Their approaches vary, too. Hackett will go on a weekend run after people reach out to him on Instagram for a photo. It’s all done from a socially safe distance. He’ll take a photo with his film camera, and then post a cell photo onto his Instagram story. He admits he’s a little new to film, but he enjoys the challenge.
“The tactile experience of using the camera itself, winding the film.” he said. “And the pressure to pick your shots beforehand, and not taking a bunch and bank on one of coming out well.”
Since he doesn’t have a dark room at home, and wants to get these done properly, so he’ll bring them to an experienced processor, “when this is over.”
Here are some of Hackett’s cell photos:
Kamens however, is a professional photographer. She does personal photos and weddings, but most of work is working with businesses.

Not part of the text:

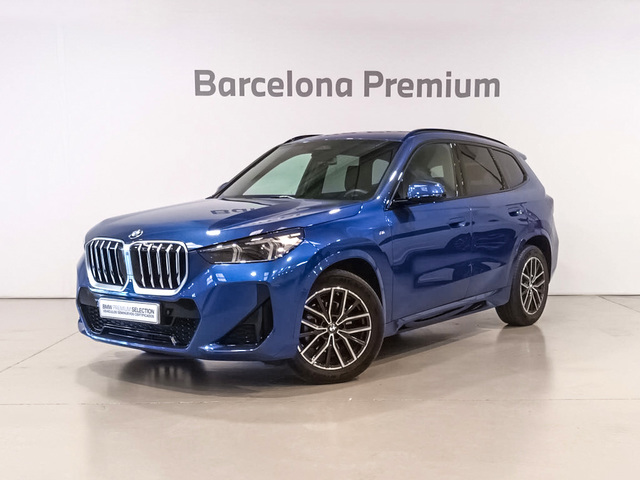 BMW X1 sDrive18d color Azul. Año 2022. 110KW(150CV). Diésel. En concesionario Barcelona Premium -- GRAN VIA de Barcelona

Finding herself out of work — and looking to scratch an itch for documentary photography — she started taking appointments.
They’ve ranged from more candid shots, to scheduled shoots, to even capturing a young boy’s birthday party.
Soon, she had hundreds of people wanting a photo, and needed to prioritize her time.
“I’m plugging in addresses on a map to see if I can get a cluster, be there for an hour,” she said. “Drive around, stick my camera out my window….”
She’s doing it free of charge, and gives the photos to the family as quickly as she can.